No Mato Grosso do Sul, os Guarani Kaiowá são vítimas de um permanente estado de violação de direitos humanos. Nos últimos 20 anos, mais de 100 indígenas foram mortos. O estado é marcado por retomadas indígenas feitas após 1988. Se o marco temporal fosse validado, fazendeiros teriam legitimidade para pleitear na Justiça a expulsão das famílias.
O alívio é sentido também na Terra Indígena Guyraroká, que teve a portaria declaratória anulada no STF com base no marco temporal. Invalidado o critério jurídico, os indígenas poderão reaver seus direitos territoriais.
Indígenas comemoram em meio à “Guerra do Dendê”
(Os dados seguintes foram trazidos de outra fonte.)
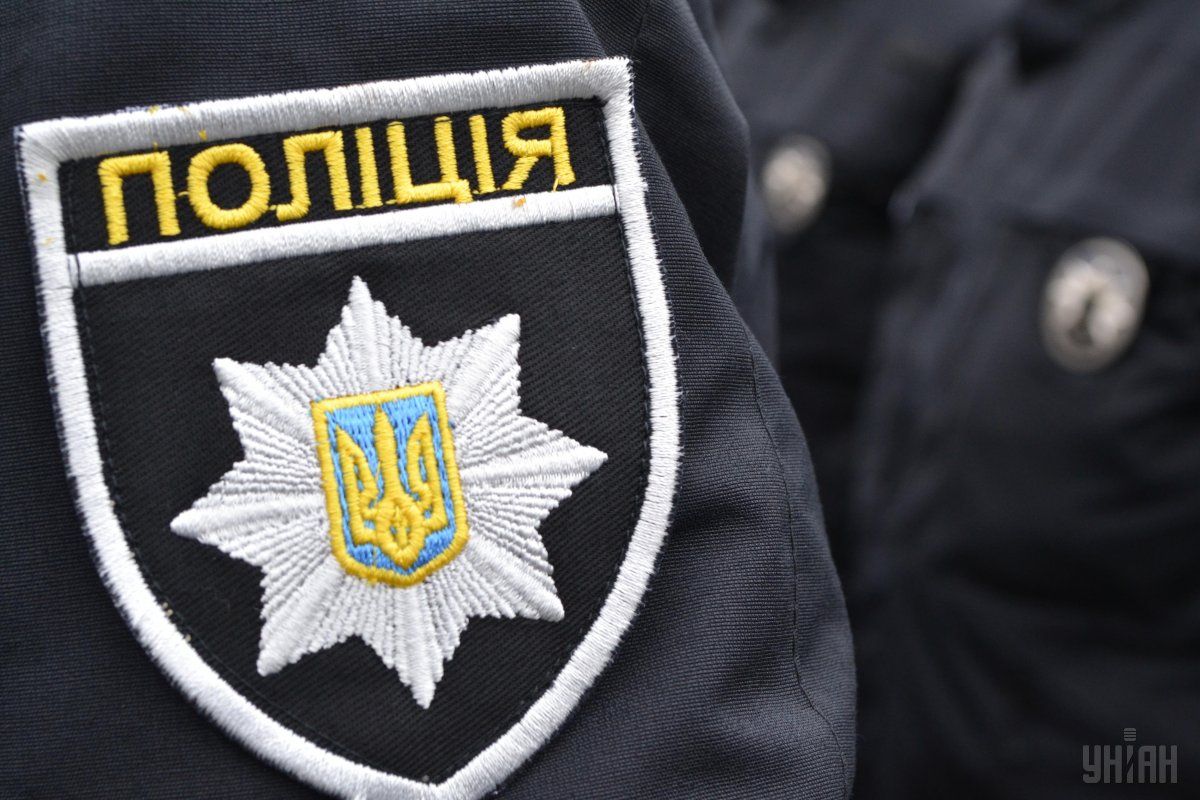 Порядок на виборчих дільницях Київщини забезпечуватимуть близько 130 поліцейських
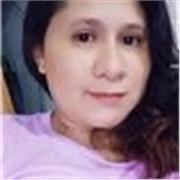Soy de Barranquilla tengo conocimiento en ventas organizo paseo para la cuidad de cartagena y santa marta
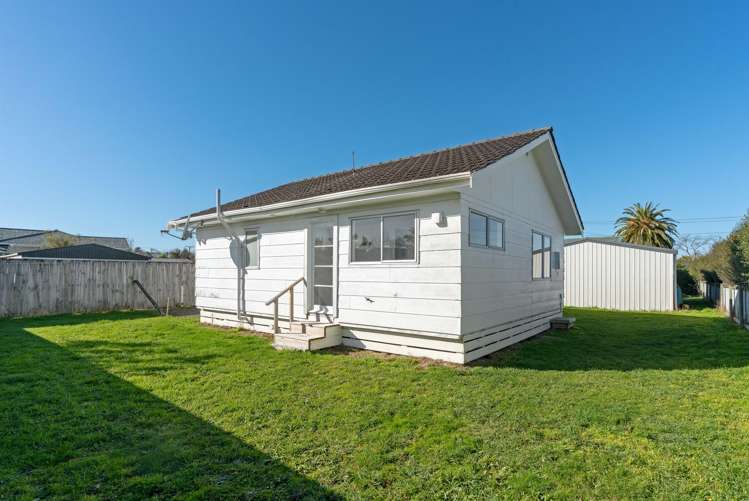 10a Augustus Street Carterton_14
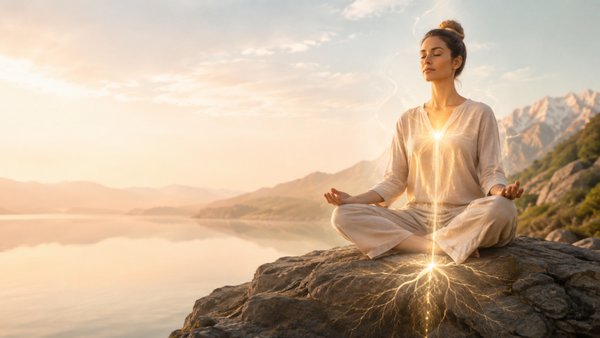 Energetische Integration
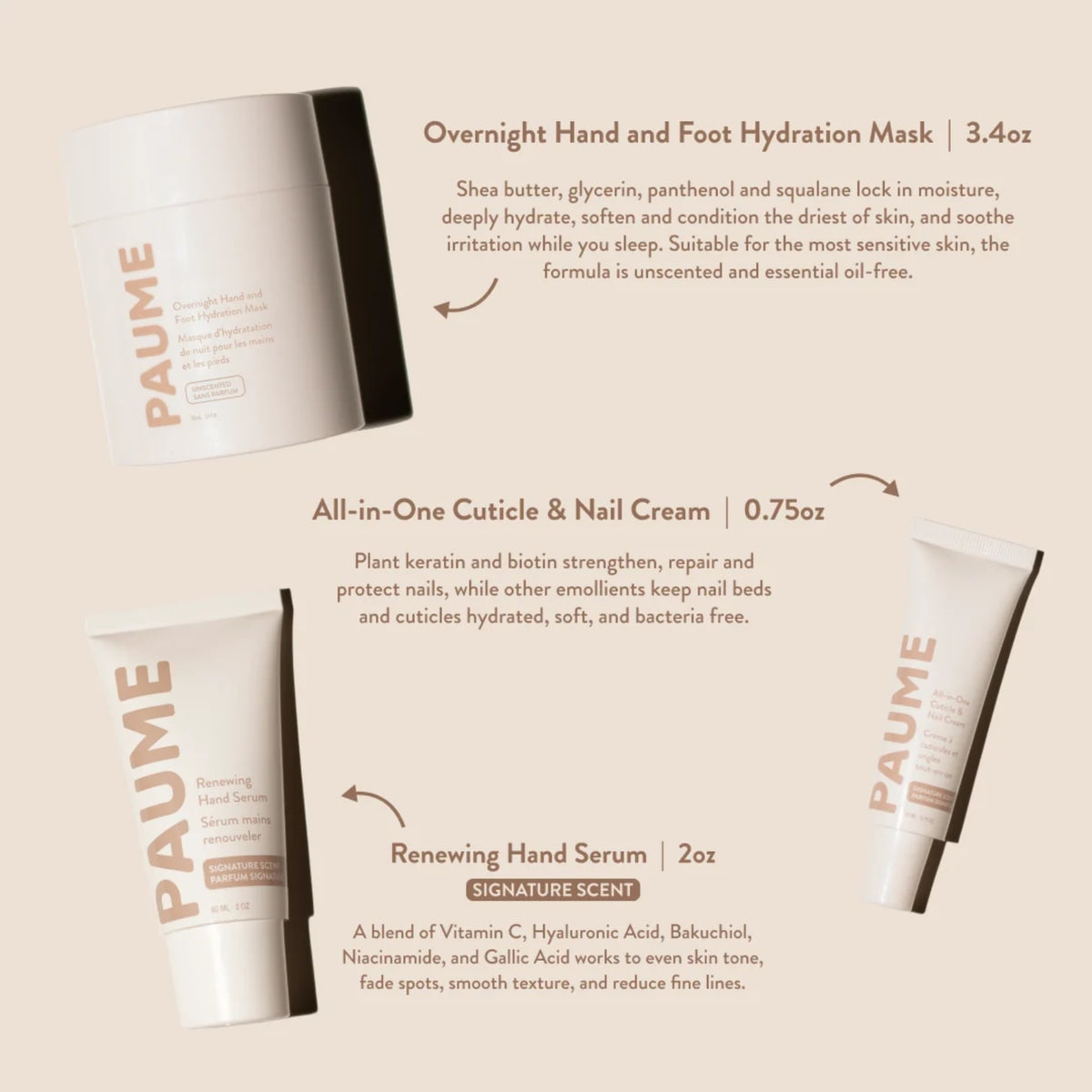 paume-hand-treatment-trio-set-1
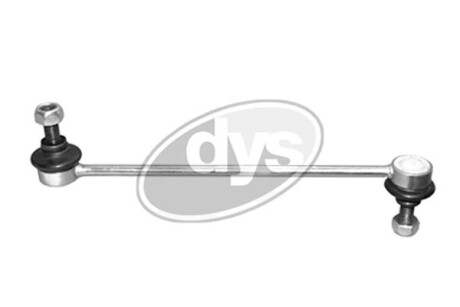 Стойка стабилизатора DYS 30-63532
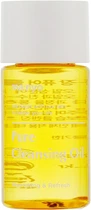 Гидрофильное очищающее масло - Manyo Pure Cleansing Oil (мини) 25ml (823719-25419862)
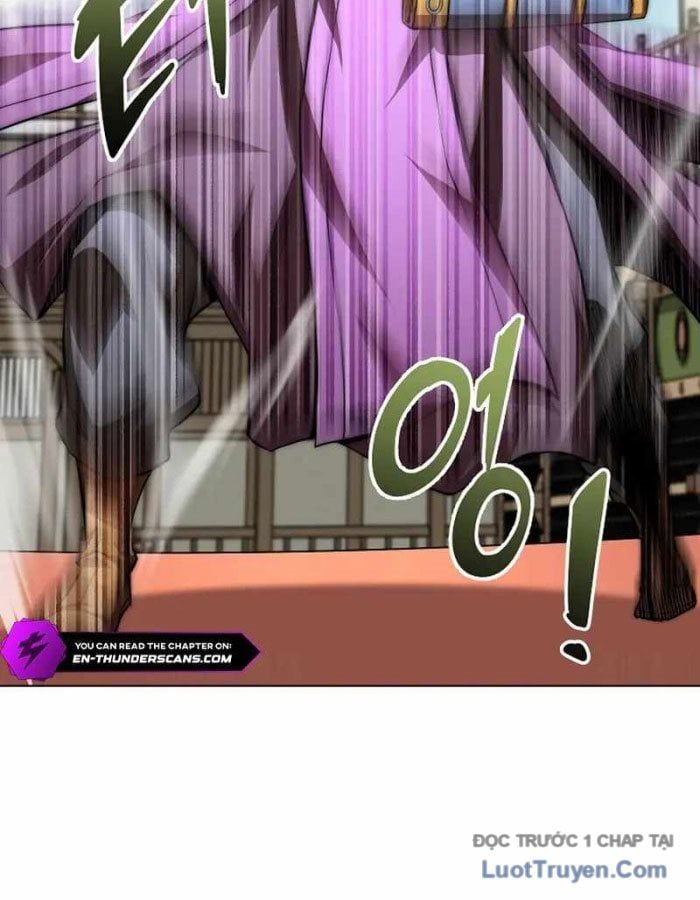 đọc truyện Con Trai Của Gia Tộc Nam Cung Thế Gia Chương 96 ảnh 140 tại Thiên Thai Truyện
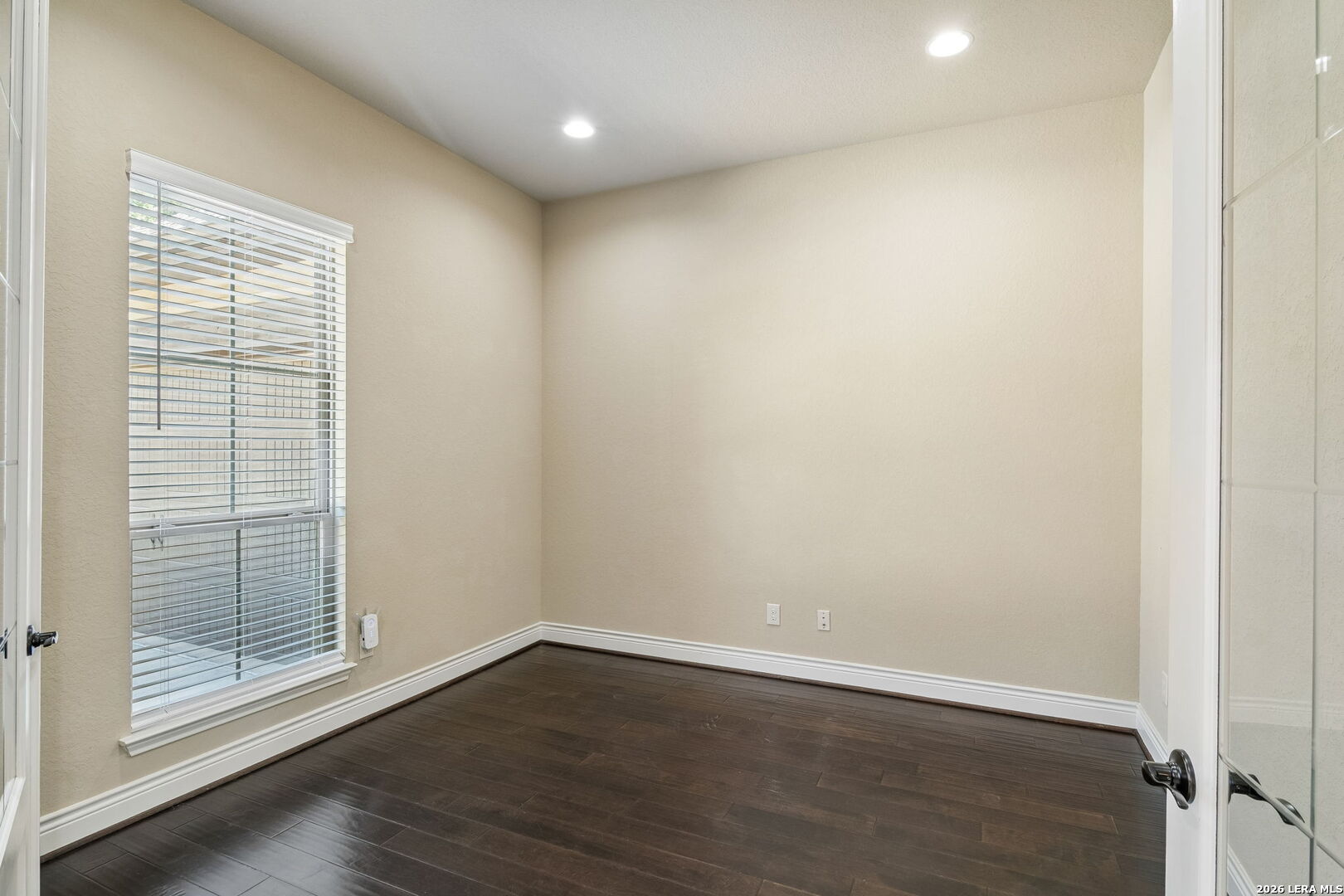 975 Wilderness Oaks New Braunfels TX 78132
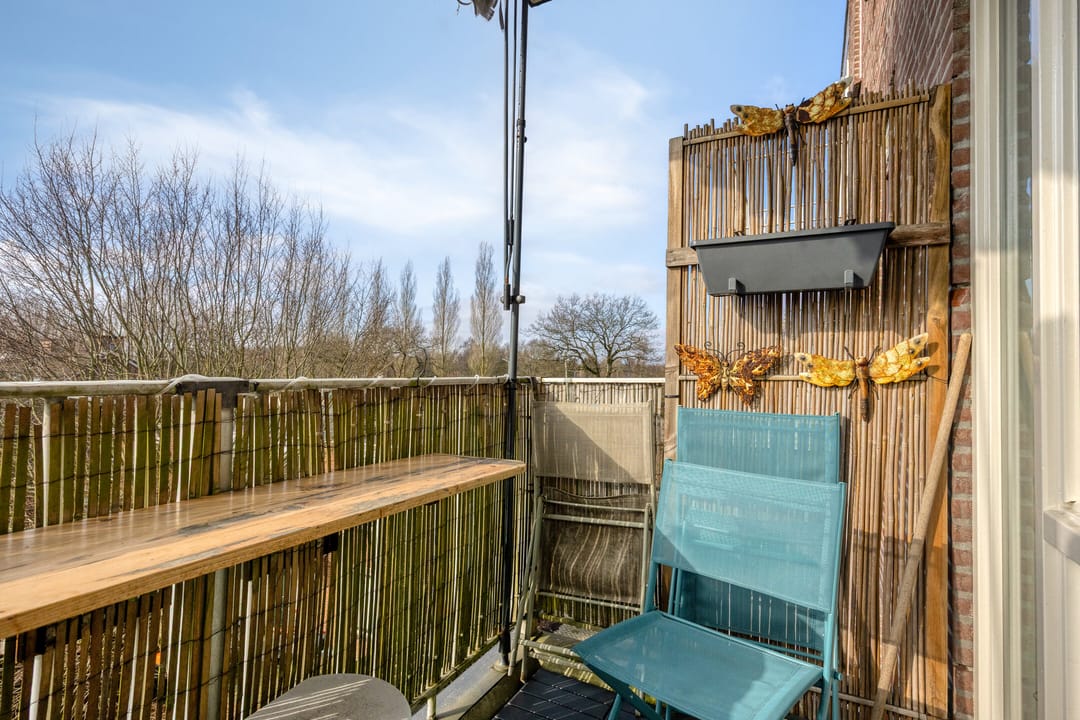 Photo 16 of Grift 71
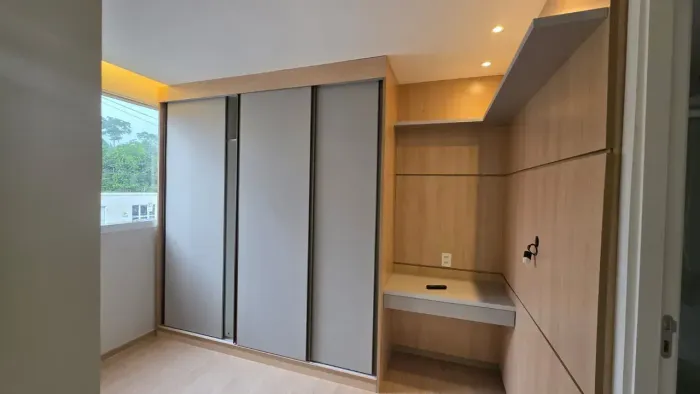 CD LUAR PONTA NEGRA FINO ACABAMENTO 02 QUARTOS 01 SUITES COM ELEVADOR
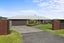 142 Wairau Road, Oakura, New Plymouth, Taranaki - Carousel 21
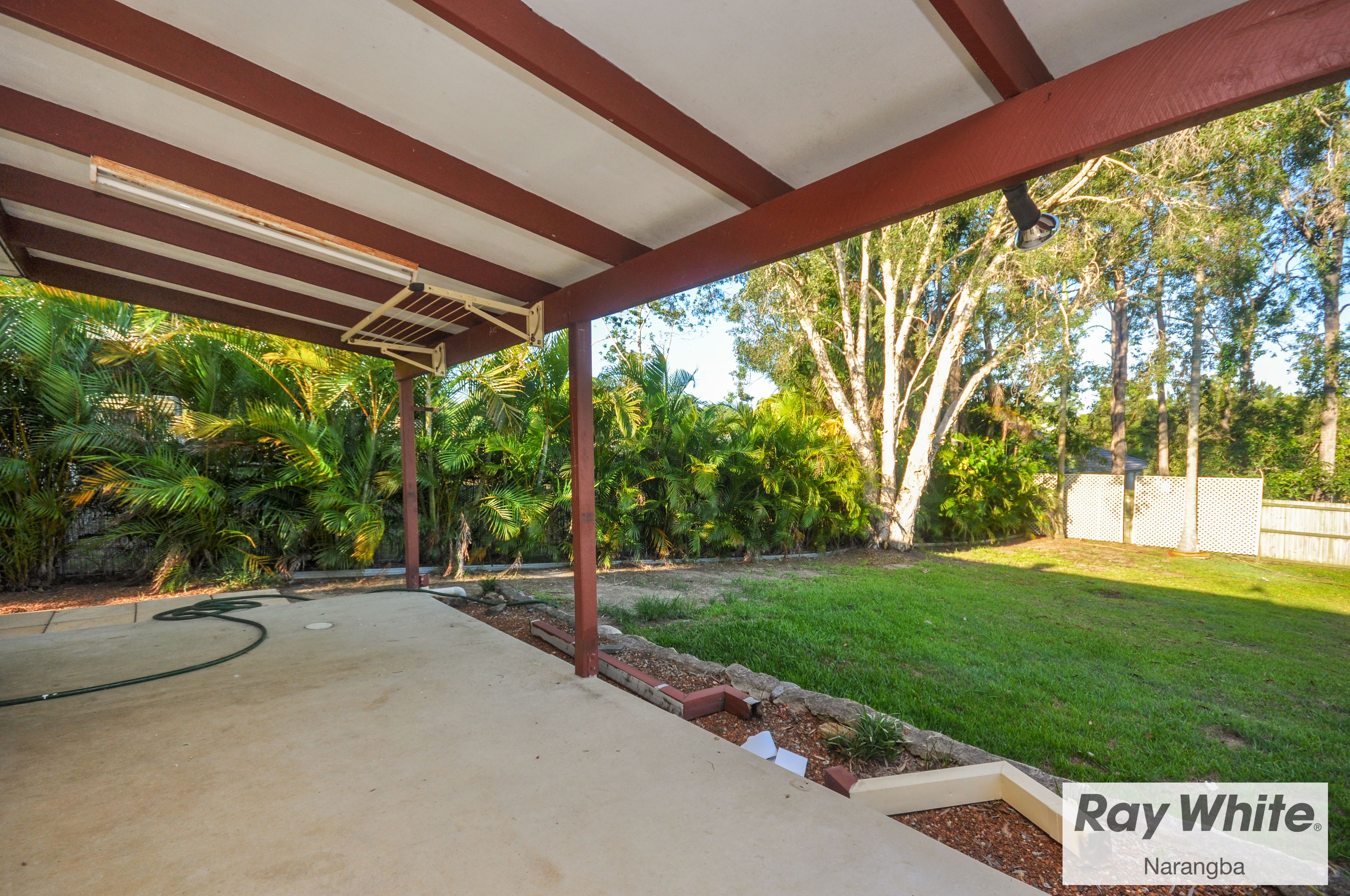7 Marsh Street, Narangba, QLD 4504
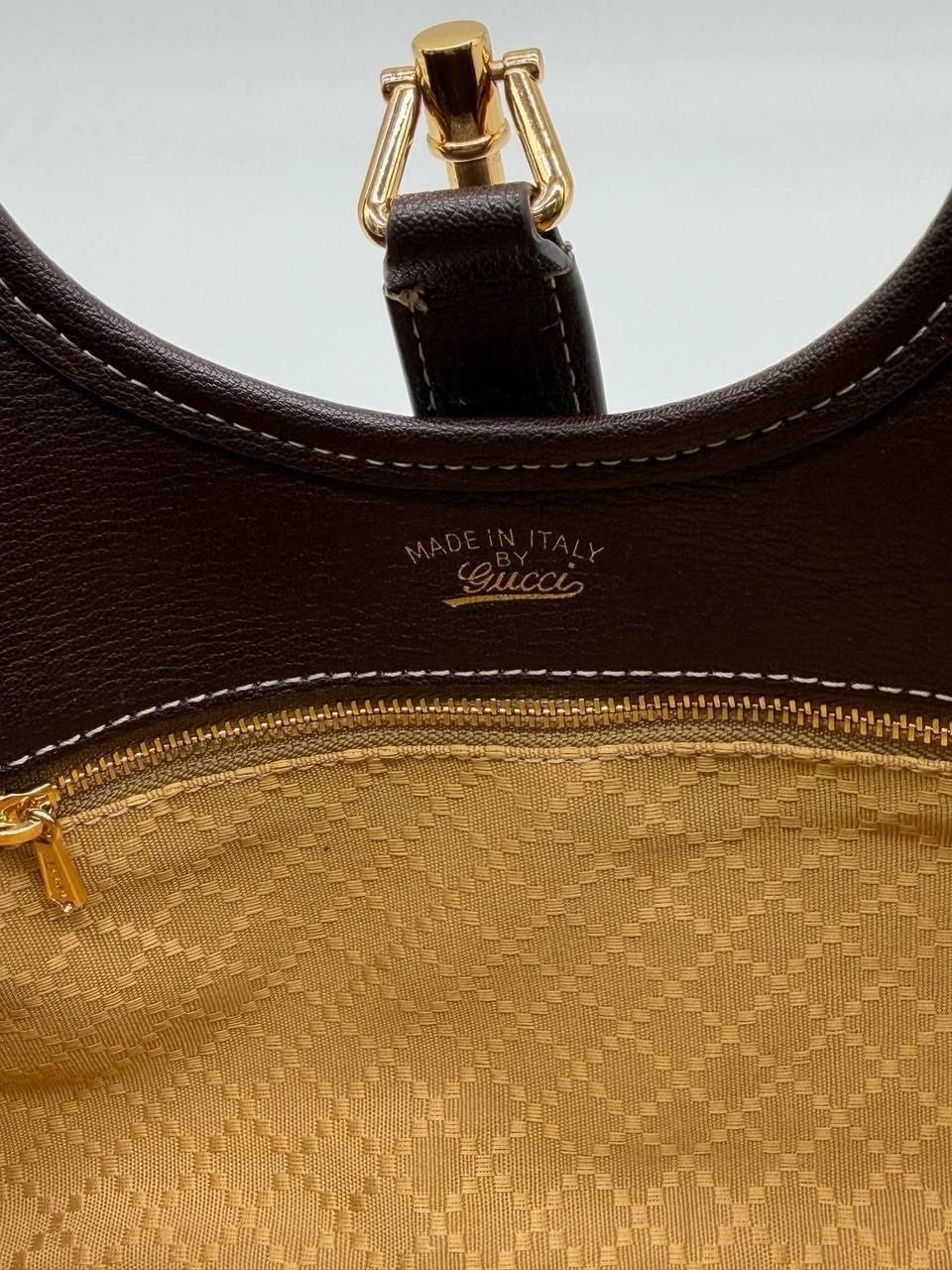 сумка gucci,сумка гуччи,gucci сумка женская,сумки,сумка gucci jackie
“Acompanhar o desfecho dessa votação pra nós, enquanto indígenas que lutamos pela nossa casa, foi emocionante”, diz Miriam Tembé, presidente da Associação Indígena Tembé do Vale do Acará.
Os Tembé são vítimas da chamada “Guerra do Dendê” no Pará, que já deixou pelo menos cinco indígenas mortos, além de lideranças quilombolas. Os indígenas e o Ministério Público Federal (MPF) dizem que a empresa Brasil BioFuel (BBF) é a responsável por promover a violência, por meio de um exército de seguranças armados, o que é negado pela empresa. As comunidades mais vulneráveis são aquelas que surgiram em retomadas indígenas após 1988.
“O sentimento agora é de gratidão, de emoção, por a gente ter conseguido essa vitória. Sabemos que ainda há muito desafios, mas nesse momento podemos dizer que temos a garantia de que continuaremos habitando nosso território, continuaremos tendo a nossa casa, continuaremos tendo esse patrimônio que é inegociável”, acrescentou a líder Tembé.
Próximas etapas da luta indígena
Embora declarado inconstitucional no Supremo, o marco temporal segue em tramitação no Congresso Nacional. Por meio de um projeto de lei, a tese foi aprovada na Câmara e deverá ser votada na Comissão de Constituição e Justiça (CCJ) do Senado na próxima quarta-feira (27).
Dinamam Tuxá, da coordenação da Articulação dos Povos Indígenas do Brasil (Apib), disse que o desfecho no STF é uma fruto de uma “luta árdua” de anos, mas enfatiza que a vitória foi “de uma batalha, e não da guerra que travam contra os povos indígenas”.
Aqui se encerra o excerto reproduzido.